I find hummingbirds quite amazing. These tiny little birds that each year undertake an amazingly long journey, roughly here to Mexico. It can’t be easy. But they do it. And they are currently on their way.
There are a couple of different interactive maps you can find online to check their progress. The easy way is to just Google hummingbird migration map 2023 and you shouldn’t have much problem finding one. I like Hummingbird Central myself because it also shows some other information and is usually fairly up to date.
At present, they have made it to northern Pennsylvania and are probably entering New York state, or getting pretty close. This is a map that relies on reported sightings on the birds, so it might lag a bit behind, but it is fairly accurate. There is also a map that tells you when sightings were made in different areas last year.
I usually expect to see them about Mother’s Day.
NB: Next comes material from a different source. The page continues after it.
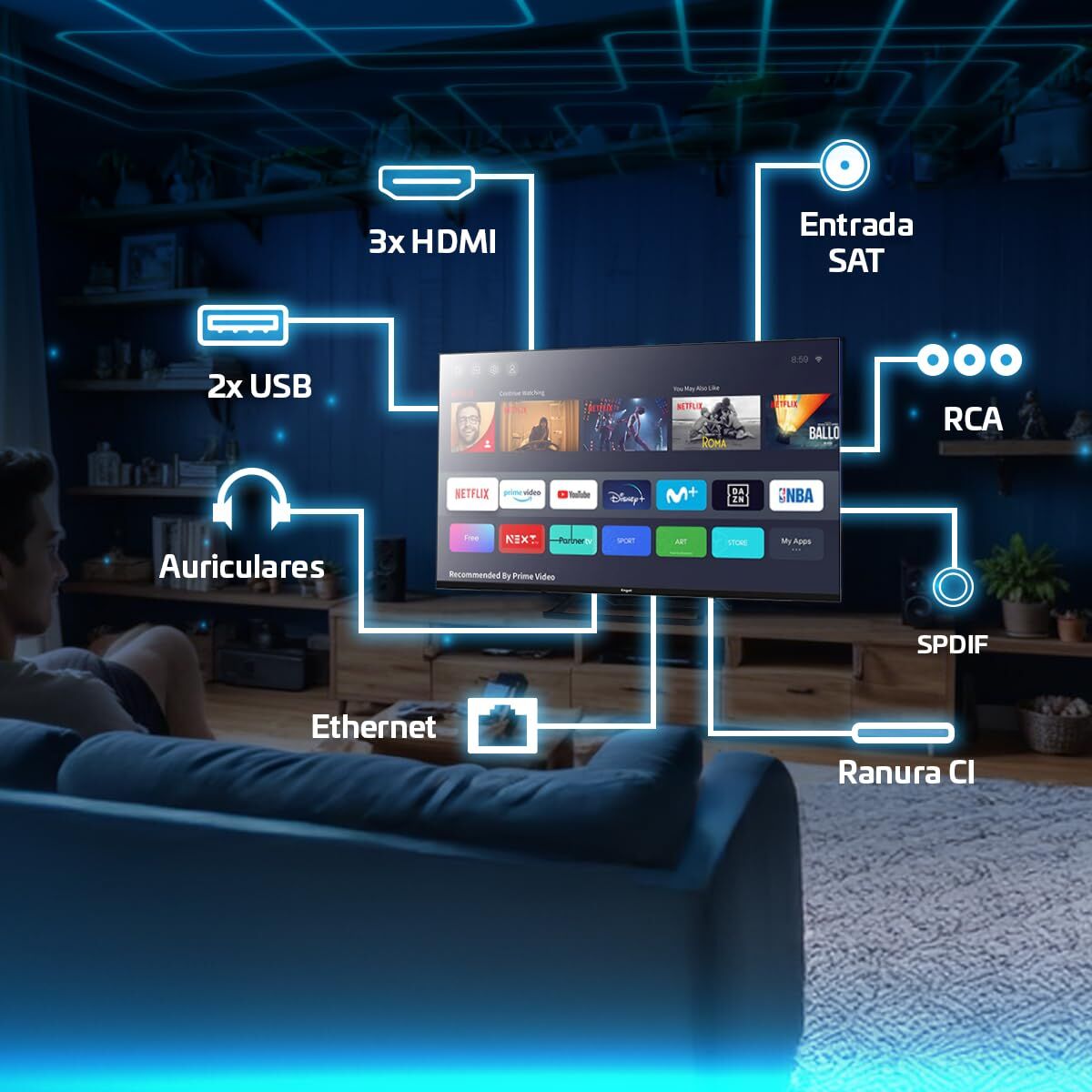 Smart TV Engel LE4086SM 40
The second Sunday in May is usually a fairly reliable date, but they are likely a few of them around earlier. Last year there were a few around on the last week of April.
Arriving that early is probably taking a bit of a chance. There aren’t a lot of flowers in bloom that early, and the bugs haven’t started to appear in large numbers. But they must be finding something to eat along the way. But a lot of us will help out, putting up our hummingbird feeders at the first site of them.
I don’t know if this happens to others, but they will remind me when they arrive. I have a couple regular hummingbird visitors that if the feeder is down or empty will come and hover about a foot in front of my face when I go outside. Just to let me know I’m failing at my job, and my job is to help keep them fed.
Which means I should probably start looking for the feeder and all the parts to go with it. Those little yellow plastic flowers that go on the feeder have a way of going missing over the winter. Best to start searching for them now.